Required action — The records below are to be set down again exactly, with the pictures left out.

Data for this task —
^^^^^^^^
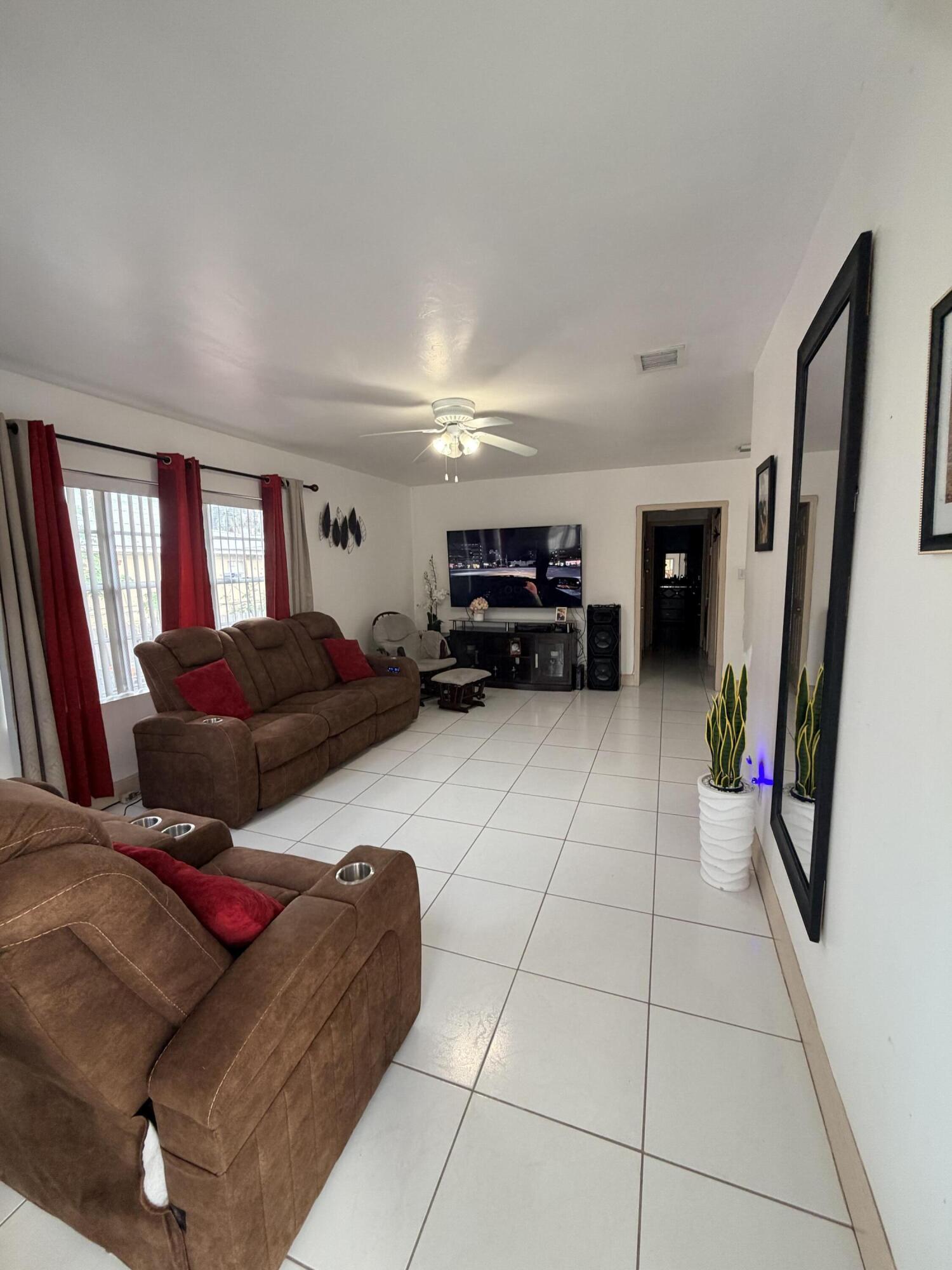 NORTHMOOR GARDENS - Residential
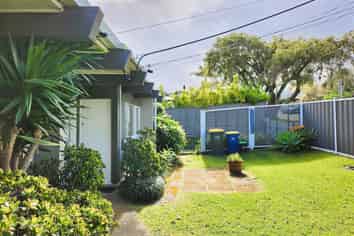 2/1 Corrella Road, Belmont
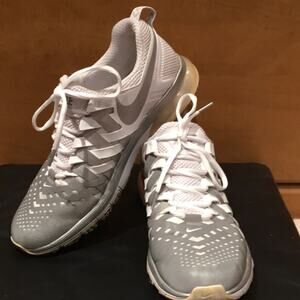 NIKE WOVEN TRAINER SILVER WHITE Air Cushioning. 10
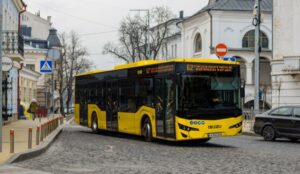 Autobusy Anadolu Isuzu dla do przewoźnika autobusowego Kyivpastrans, który obsługuje ponad 1,5 miliona pasażerów dziennie i posiada największą flotę autobusów miejskich w Ukrainie.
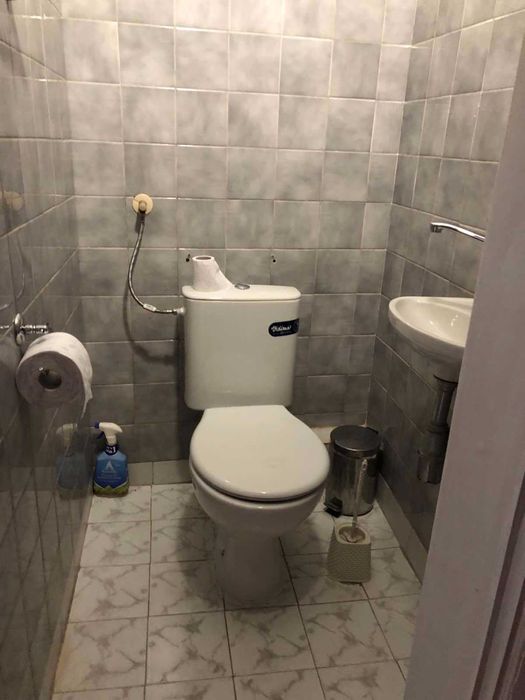 Дава се под наем Тристаен апартамент в Бургас, Център - 100 кв.м за 450 € - Снимка #1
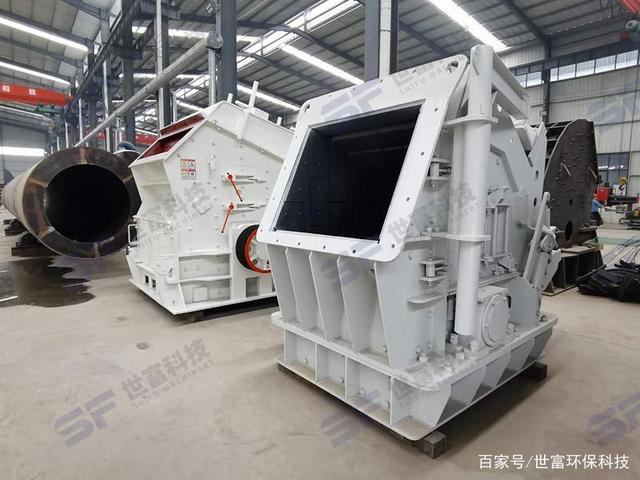 花岗岩制砂机介绍?花岗岩制砂生产线工艺是什么?(图3) 花岗岩制砂机介绍?花岗岩制砂生产线工艺是什么?(图3)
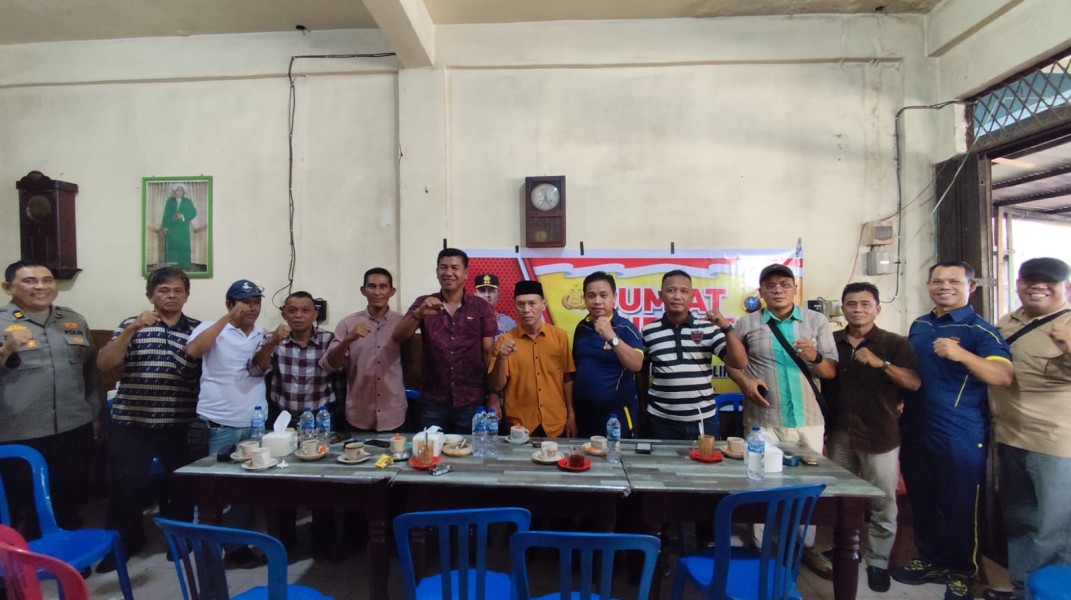 Polres Indragiri Hilir Gelar Kegiatan Jumat Curhat Bersama Masyarakat Tembilahan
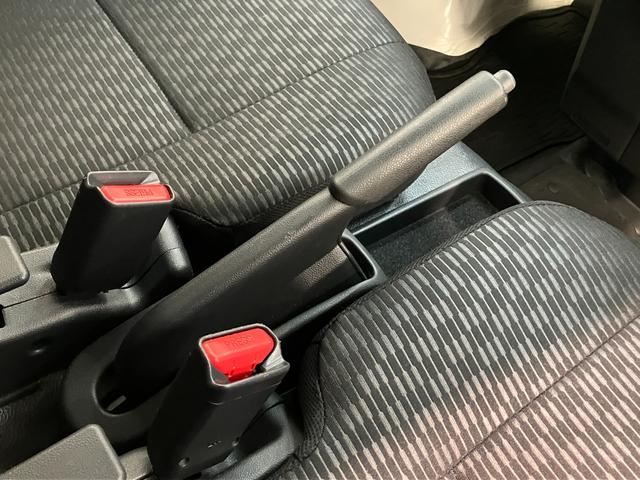 ハイゼットカーゴ ＤＸ　４ＷＤ　コーナーセンサー　ドラレコ　キーレス　衝突被害軽減ブレーキ　スマアシ　コーナーセンサー　キーレス　前席パワーウインドウ　ＡＭ／ＦＭステレオ　ドラレコ　両側スライドドア　オートライト　マニュアルレベリング　パートタイム４ＷＤ（44枚目）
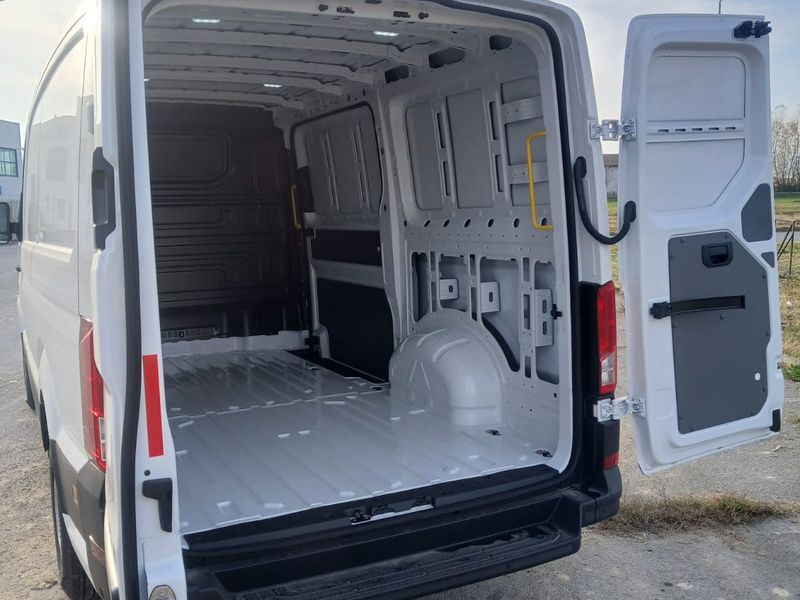 FURGONE CORTO TETTO BASSO MAN TGE 3.140 4X2F SB - Fourgon utilitaire: photos 4 FURGONE CORTO TETTO BASSO MAN TGE 3.140 4X2F SB - Fourgon utilitaire: photos 4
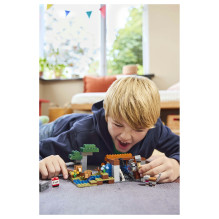 LEGO Minecraft The Armadillo Mine Expedition LEGO Minecraft The Armadillo Mine Expedition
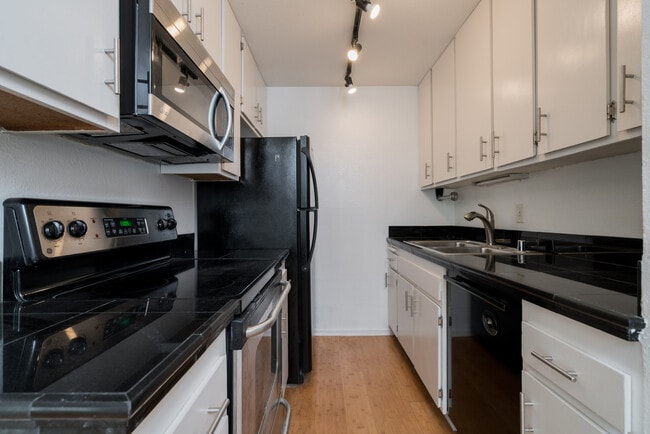 Building Photo - 2252 Via Aprilia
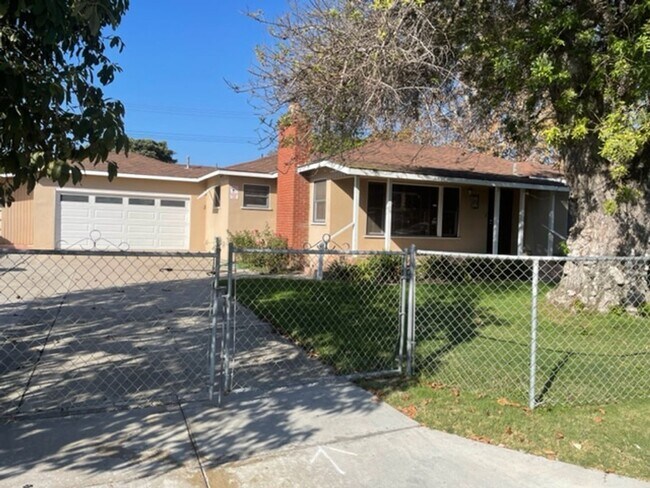 Foto del edificio - 3 bdr 2 bath Home on Huge lot.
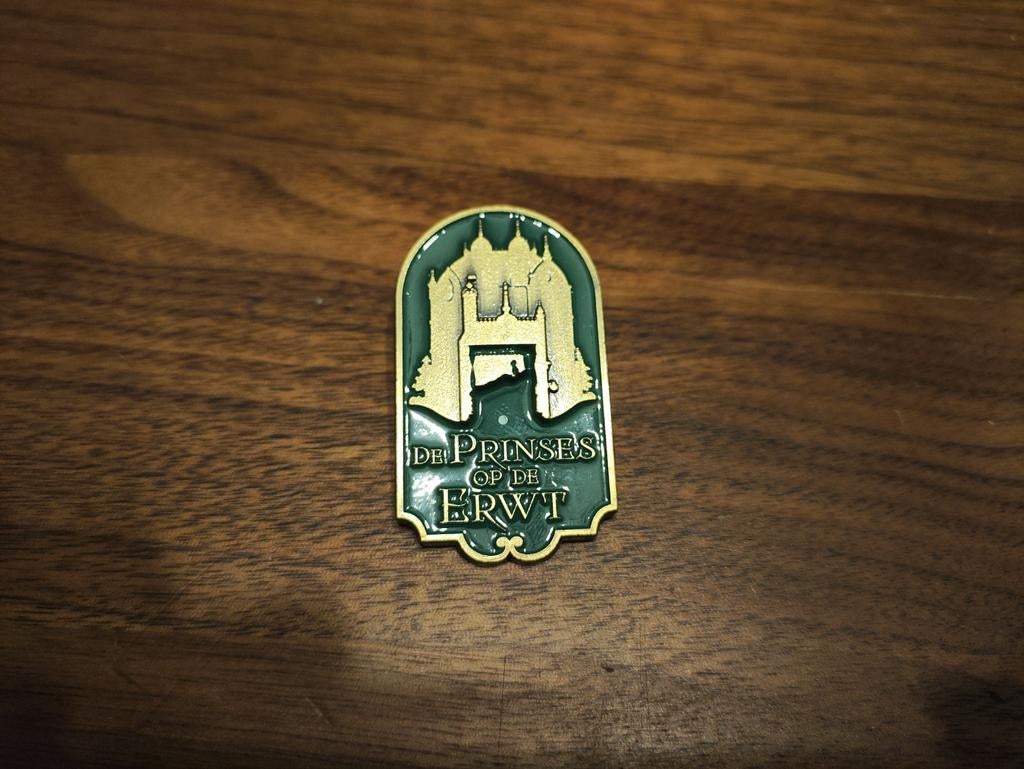 Efteling Pin - De Prinses op de Erwt, Ophalen of Verzenden, Zo goed als nieuw, Button of Speldje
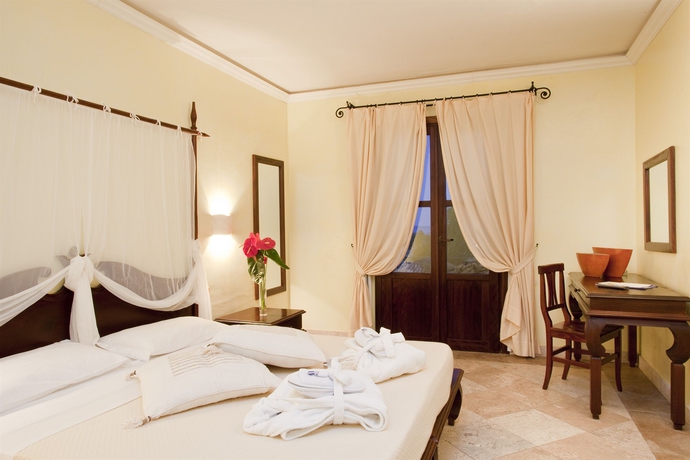 Imagen de la habitación del Hotel Sighientu Resort. Foto 5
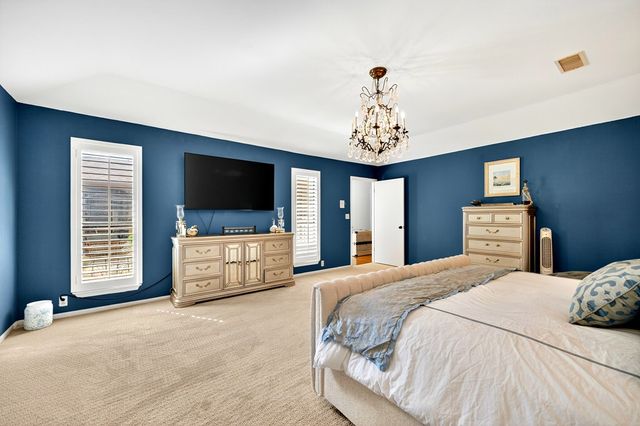 2202 Neely Ave, Midland, TX 79705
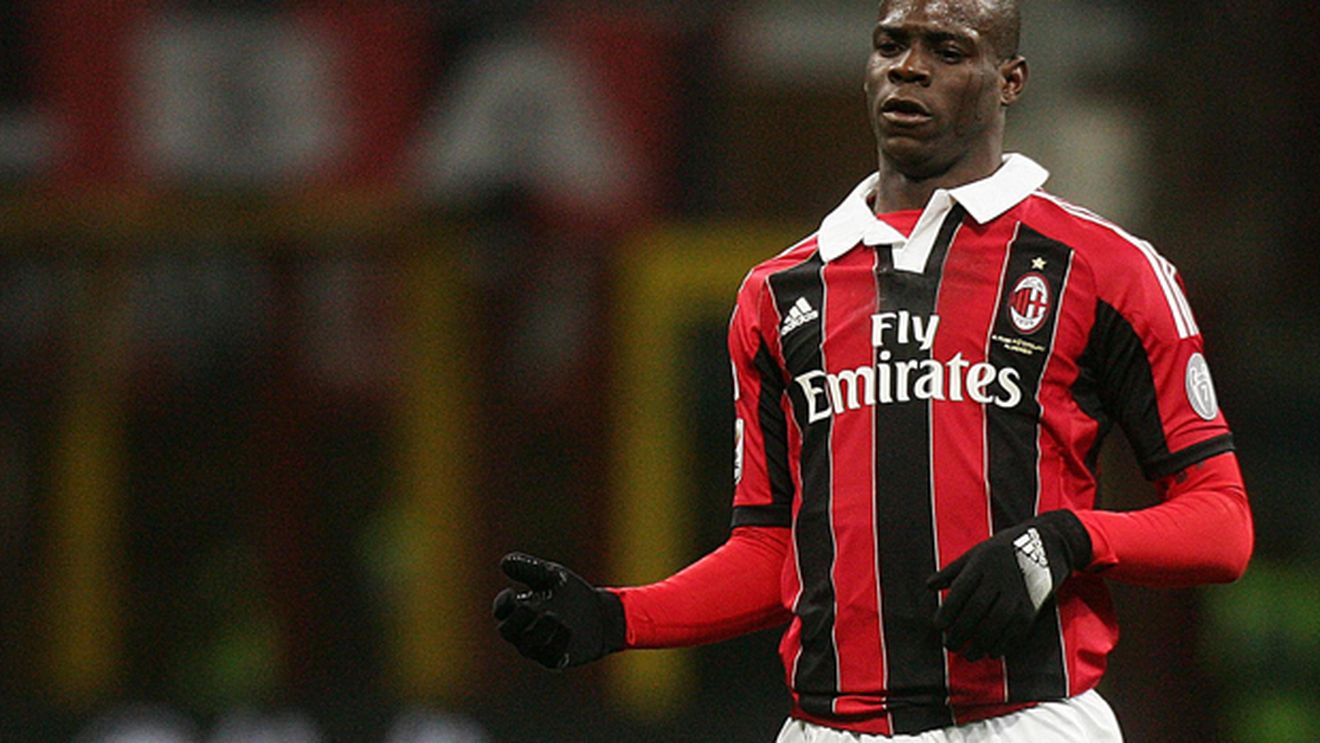 Nici când se căiește nu prea îi iese!** Încă o "Super Mario" gafă? VIDEO Mario Balotelli a dezvăluit cel mai mare regret al vieții sale: "Nu aș mai face acest gest"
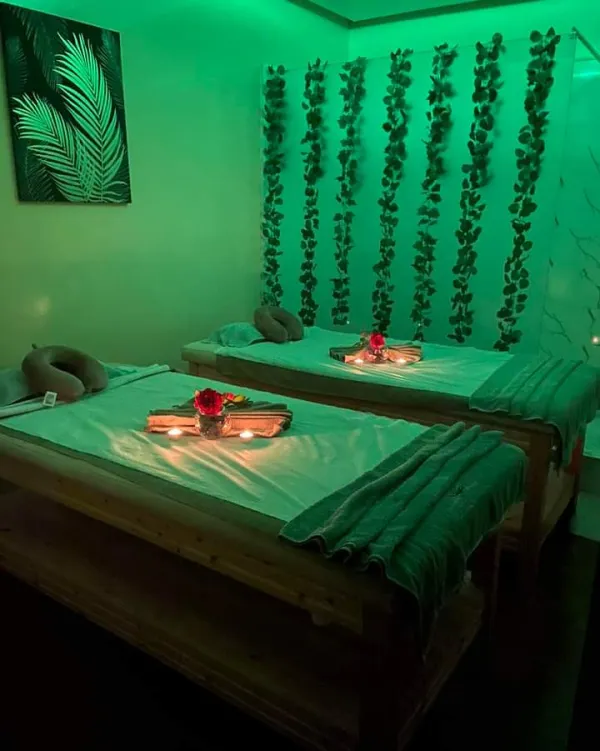 Maram Masseuse Avatar Bg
^^^^^^^^
Final answer —
 NORTHMOOR GARDENS - Residential
 2/1 Corrella Road, Belmont
 NIKE WOVEN TRAINER SILVER WHITE Air Cushioning. 10
 Autobusy Anadolu Isuzu dla do przewoźnika autobusowego Kyivpastrans, który obsługuje ponad 1,5 miliona pasażerów dziennie i posiada największą flotę autobusów miejskich w Ukrainie.
 Дава се под наем Тристаен апартамент в Бургас, Център - 100 кв.м за 450 € - Снимка #1
 花岗岩制砂机介绍?花岗岩制砂生产线工艺是什么?(图3) 花岗岩制砂机介绍?花岗岩制砂生产线工艺是什么?(图3)
 Polres Indragiri Hilir Gelar Kegiatan Jumat Curhat Bersama Masyarakat Tembilahan
 ハイゼットカーゴ ＤＸ　４ＷＤ　コーナーセンサー　ドラレコ　キーレス　衝突被害軽減ブレーキ　スマアシ　コーナーセンサー　キーレス　前席パワーウインドウ　ＡＭ／ＦＭステレオ　ドラレコ　両側スライドドア　オートライト　マニュアルレベリング　パートタイム４ＷＤ（44枚目）
 FURGONE CORTO TETTO BASSO MAN TGE 3.140 4X2F SB - Fourgon utilitaire: photos 4 FURGONE CORTO TETTO BASSO MAN TGE 3.140 4X2F SB - Fourgon utilitaire: photos 4
 LEGO Minecraft The Armadillo Mine Expedition LEGO Minecraft The Armadillo Mine Expedition
 Building Photo - 2252 Via Aprilia
 Foto del edificio - 3 bdr 2 bath Home on Huge lot.
 Efteling Pin - De Prinses op de Erwt, Ophalen of Verzenden, Zo goed als nieuw, Button of Speldje
 Imagen de la habitación del Hotel Sighientu Resort. Foto 5
 2202 Neely Ave, Midland, TX 79705
 Nici când se căiește nu prea îi iese!** Încă o "Super Mario" gafă? VIDEO Mario Balotelli a dezvăluit cel mai mare regret al vieții sale: "Nu aș mai face acest gest"
 Maram Masseuse Avatar Bg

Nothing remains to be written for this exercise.